That’s usually the point Gary jumps onto a project and guides the team through the requirements. “We can look at the design together,” he says, “and see how the team would need to adjust their programming style to meet the requirements for internationalization.”
From that point on, Gary will “hold the team’s hands for a while” and check up on them occasionally as the project moves ahead. The teams themselves still do the bulk of the work, but having Gary and other experts’ oversight ensures they don’t veer off course by accident.
- Gary’s role at Cisco is unique and focused on internationalization education.
- Continuous localization is necessary for today’s agile dev environment.
- Continuous localization is not just a system, but a new way of thinking about localization.
- Localizing well—whether waterfall or continuous—requires both expertise and experience in order to stay “agile.”
- Understand engineers’ pain points.
- Focus on education-based solutions.
- Continuous localization does cost more but contributes to customer success.
- Continuous localization can be implemented with limited budget and time.
- Continuous localization will only become more relevant and powerful in the future.
5. Understand engineers’ pain points.
Gary received plenty of pushback about localization from development teams facing the internationalization process, even before he introduced continuous localization. He says the top pain points are 1) a bad preconception of localization from past experiences and 2) the time pressure in agile development itself.
Before dev teams switched to agile, the localization process would come at the end of a project, as per the traditional waterfall approach. “All these internationalization problems would be found, and all hell breaks lose” right before they wanted to go live.
“Everyone panics,” says Gary. “It’s chaos.“
This created negative feelings among software developers about localization, but this is less of the case now as localization education has improved.

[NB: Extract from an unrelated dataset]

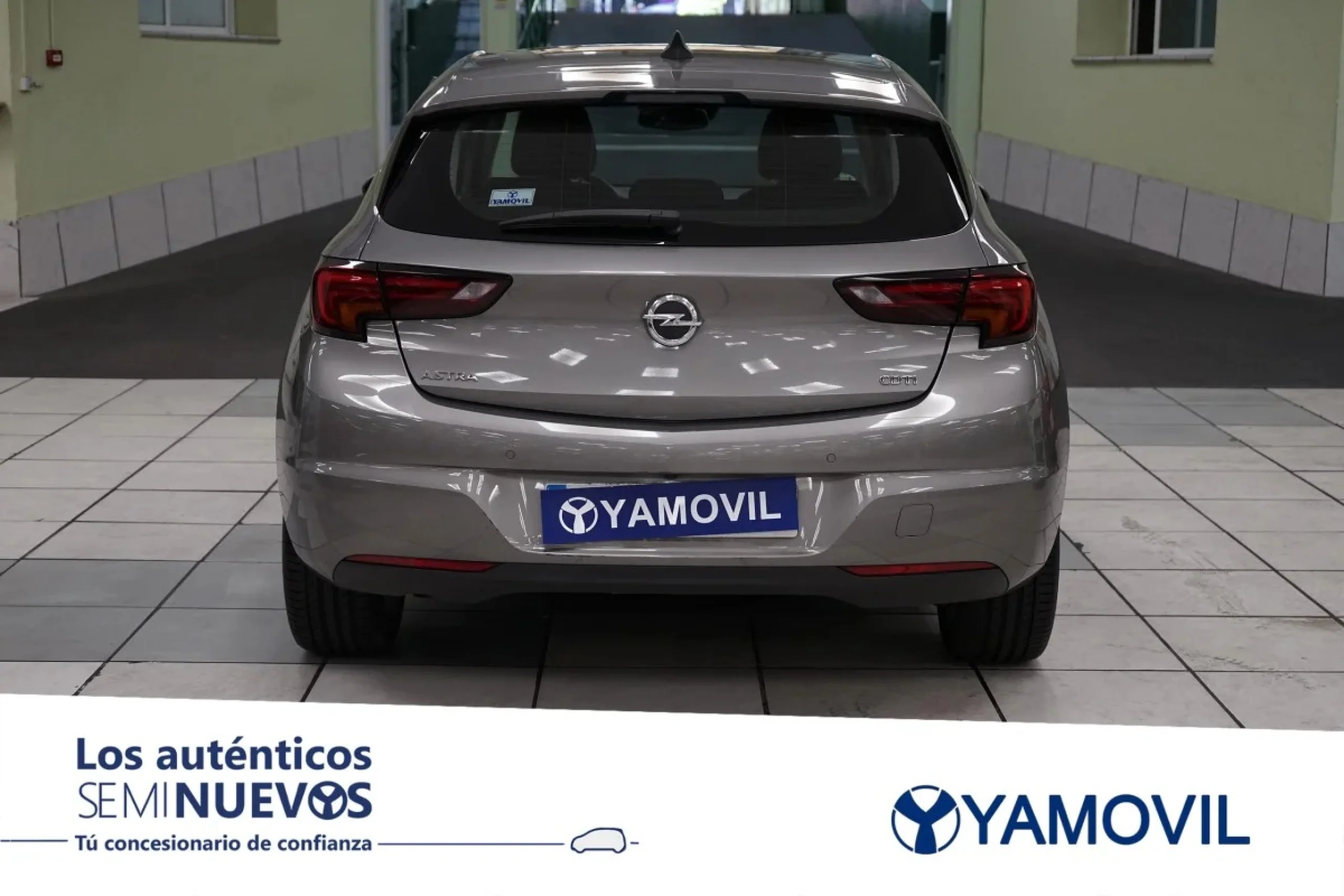 Opel Astra 1.6 CDTi SANDS Excellence 100 kW (136 CV) - Foto 5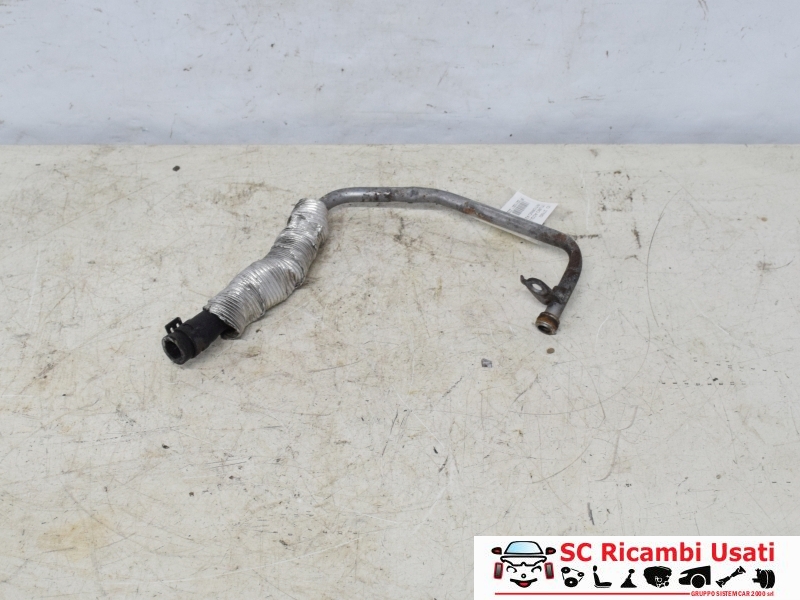 Tubo Acqua Turbina Mercedes Classe A W176 1.6bz A2702032002 - 27682 Tubo Acqua Turbina Mercedes Classe A W176 1.6bz A2702032002 - 27682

The 2nd concern is that because agile teams are on tighter time pressures to quickly iterate, they don’t have much time to do any extra work.
The localization team will usually make a decision with each team whether or not to push for internationalization right away.
“We can’t force the internationalization onto them,” explains Gary, “because that will break our relationship with the developer teams. Instead, we’d plan to have it inserted at a later date.”
6. Focus on education-based solutions.
“And they don’t want to break what they might have spent months, maybe years building,” says Gary.
“If we say, ‘this new project you’ve just started has to be internationalized fully at the same time as developing all your features,’ the PM might just say, ‘no, I won’t do it. You’re going to wait for internationalization after we’ve produced our first release. And we’ll see how it goes after that.’”
Education is a key part of providing solutions that match the teams’ particular issues, according to Gary.
For example, a lot of developers are “instinctively afraid” of coding support for bidirectional locales, the scenario we gave earlier. They’ve never seen everything being mirrored, so they panic. In this case, Gary tells them about how the basic code will do most of the work for them, and walks them through the technical details.
“The educational part upfront helps developers relax and realize it’s not such a big deal to support bidirectional locales.”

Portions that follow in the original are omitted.